Study material section start
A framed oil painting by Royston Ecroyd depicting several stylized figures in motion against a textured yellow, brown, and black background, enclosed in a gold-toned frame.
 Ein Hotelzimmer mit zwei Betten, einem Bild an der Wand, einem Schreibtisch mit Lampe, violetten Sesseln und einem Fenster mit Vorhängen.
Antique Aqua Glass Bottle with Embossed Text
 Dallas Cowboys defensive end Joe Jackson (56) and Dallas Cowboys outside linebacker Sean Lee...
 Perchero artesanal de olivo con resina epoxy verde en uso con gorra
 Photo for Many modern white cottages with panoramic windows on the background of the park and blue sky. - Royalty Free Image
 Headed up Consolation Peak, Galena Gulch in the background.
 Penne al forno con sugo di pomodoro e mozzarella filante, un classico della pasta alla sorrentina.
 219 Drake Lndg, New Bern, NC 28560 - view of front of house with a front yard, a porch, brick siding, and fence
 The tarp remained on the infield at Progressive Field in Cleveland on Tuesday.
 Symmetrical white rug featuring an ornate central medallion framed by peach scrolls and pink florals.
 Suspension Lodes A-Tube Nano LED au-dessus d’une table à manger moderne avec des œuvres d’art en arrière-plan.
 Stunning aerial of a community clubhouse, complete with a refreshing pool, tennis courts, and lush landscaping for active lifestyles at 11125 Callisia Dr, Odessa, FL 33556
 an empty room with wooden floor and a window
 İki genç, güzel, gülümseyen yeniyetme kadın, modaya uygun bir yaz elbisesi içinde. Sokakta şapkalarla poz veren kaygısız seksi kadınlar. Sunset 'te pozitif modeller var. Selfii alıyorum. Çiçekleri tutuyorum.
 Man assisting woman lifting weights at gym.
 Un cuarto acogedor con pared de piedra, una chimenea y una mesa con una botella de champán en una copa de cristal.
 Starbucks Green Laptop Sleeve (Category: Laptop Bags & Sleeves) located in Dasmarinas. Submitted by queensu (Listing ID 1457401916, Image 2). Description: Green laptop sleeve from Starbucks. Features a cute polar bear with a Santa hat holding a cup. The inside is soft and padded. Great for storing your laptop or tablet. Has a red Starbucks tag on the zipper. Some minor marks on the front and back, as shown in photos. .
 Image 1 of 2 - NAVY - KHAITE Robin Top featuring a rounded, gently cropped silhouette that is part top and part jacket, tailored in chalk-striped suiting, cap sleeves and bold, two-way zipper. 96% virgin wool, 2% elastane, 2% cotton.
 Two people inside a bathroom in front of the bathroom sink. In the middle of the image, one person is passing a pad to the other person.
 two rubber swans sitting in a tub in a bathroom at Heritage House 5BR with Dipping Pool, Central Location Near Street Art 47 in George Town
Study material section end
- [Action item]
Please filter the data down to the lines containing the word "featuring".

- [Answer section]
 Symmetrical white rug featuring an ornate central medallion framed by peach scrolls and pink florals.
 Image 1 of 2 - NAVY - KHAITE Robin Top featuring a rounded, gently cropped silhouette that is part top and part jacket, tailored in chalk-striped suiting, cap sleeves and bold, two-way zipper. 96% virgin wool, 2% elastane, 2% cotton.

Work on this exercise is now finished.